--- RECORD EXTRACTS ---
=== Section Start ===

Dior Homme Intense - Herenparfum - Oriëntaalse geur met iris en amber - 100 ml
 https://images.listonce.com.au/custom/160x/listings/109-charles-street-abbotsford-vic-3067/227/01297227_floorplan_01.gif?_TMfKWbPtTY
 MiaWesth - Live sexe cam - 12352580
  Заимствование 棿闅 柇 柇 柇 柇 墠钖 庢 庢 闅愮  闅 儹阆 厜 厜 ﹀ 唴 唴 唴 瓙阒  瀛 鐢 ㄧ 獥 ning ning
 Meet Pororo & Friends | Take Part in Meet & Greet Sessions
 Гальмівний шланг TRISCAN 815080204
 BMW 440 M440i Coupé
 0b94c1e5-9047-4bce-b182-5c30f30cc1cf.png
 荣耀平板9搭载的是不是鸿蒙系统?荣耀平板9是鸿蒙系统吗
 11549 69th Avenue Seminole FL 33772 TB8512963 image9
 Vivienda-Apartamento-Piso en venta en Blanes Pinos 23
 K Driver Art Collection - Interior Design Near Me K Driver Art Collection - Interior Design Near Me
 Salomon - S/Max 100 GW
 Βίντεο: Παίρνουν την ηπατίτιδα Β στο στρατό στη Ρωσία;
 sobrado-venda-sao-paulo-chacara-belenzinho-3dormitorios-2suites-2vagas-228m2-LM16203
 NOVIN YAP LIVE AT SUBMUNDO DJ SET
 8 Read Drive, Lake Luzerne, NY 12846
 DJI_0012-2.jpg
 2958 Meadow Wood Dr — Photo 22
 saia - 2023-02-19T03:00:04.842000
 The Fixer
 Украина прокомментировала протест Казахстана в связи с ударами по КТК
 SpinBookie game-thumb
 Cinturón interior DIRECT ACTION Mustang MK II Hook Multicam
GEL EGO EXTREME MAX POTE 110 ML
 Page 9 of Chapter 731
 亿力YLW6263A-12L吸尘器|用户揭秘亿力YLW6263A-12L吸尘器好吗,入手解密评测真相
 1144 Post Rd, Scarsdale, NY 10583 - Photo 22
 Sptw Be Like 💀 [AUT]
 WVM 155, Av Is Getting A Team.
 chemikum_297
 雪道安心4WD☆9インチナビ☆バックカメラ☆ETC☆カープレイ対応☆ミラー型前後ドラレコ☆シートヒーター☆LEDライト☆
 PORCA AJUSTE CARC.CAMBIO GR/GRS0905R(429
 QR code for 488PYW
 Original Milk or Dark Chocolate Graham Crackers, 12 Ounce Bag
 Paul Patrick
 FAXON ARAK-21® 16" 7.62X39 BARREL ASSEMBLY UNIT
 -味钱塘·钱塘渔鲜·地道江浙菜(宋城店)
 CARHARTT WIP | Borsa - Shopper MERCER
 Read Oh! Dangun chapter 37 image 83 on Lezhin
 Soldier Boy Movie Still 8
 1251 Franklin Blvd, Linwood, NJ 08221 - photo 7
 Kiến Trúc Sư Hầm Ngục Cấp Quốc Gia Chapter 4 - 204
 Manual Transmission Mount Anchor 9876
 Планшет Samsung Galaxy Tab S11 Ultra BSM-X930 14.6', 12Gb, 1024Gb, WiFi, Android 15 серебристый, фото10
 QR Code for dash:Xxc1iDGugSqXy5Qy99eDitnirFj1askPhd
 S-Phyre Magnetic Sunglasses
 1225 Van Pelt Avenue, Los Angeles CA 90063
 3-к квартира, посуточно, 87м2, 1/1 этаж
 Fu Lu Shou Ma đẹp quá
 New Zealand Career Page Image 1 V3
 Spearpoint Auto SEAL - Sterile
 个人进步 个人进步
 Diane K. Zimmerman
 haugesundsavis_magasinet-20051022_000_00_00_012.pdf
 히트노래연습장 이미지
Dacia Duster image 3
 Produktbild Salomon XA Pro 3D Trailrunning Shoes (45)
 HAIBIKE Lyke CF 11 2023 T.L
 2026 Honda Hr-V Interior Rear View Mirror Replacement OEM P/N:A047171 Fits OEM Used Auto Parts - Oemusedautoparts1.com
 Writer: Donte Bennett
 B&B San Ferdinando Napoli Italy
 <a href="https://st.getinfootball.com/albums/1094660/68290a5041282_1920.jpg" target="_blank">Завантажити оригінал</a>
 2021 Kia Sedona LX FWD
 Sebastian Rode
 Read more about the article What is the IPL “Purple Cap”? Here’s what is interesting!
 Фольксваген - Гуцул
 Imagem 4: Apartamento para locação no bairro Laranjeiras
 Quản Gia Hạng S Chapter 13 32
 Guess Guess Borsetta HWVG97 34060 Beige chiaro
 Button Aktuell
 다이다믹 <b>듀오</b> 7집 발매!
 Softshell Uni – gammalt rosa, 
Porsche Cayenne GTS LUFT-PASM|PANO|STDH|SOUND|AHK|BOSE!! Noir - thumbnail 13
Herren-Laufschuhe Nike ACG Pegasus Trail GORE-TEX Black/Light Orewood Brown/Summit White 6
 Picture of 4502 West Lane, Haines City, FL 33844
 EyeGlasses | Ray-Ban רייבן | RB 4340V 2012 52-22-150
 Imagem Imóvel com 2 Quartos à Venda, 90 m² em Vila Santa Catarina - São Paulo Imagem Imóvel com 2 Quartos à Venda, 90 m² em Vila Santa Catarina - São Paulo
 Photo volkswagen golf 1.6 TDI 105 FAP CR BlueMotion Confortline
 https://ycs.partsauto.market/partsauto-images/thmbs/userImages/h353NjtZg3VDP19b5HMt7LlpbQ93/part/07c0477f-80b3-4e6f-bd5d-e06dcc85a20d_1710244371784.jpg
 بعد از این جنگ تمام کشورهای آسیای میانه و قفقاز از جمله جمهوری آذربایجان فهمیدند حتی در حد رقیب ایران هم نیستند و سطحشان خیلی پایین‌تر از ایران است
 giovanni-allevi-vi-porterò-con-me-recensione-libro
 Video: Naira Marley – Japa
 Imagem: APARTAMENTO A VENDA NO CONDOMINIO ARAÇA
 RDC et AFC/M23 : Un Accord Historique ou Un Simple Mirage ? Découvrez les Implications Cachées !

=== Section End ===

--- EXERCISE ---
Search the data for the word "Read" and copy each line where it appears.

--- YOUR RESPONSE ---
 8 Read Drive, Lake Luzerne, NY 12846
 Read Oh! Dangun chapter 37 image 83 on Lezhin
 Read more about the article What is the IPL “Purple Cap”? Here’s what is interesting!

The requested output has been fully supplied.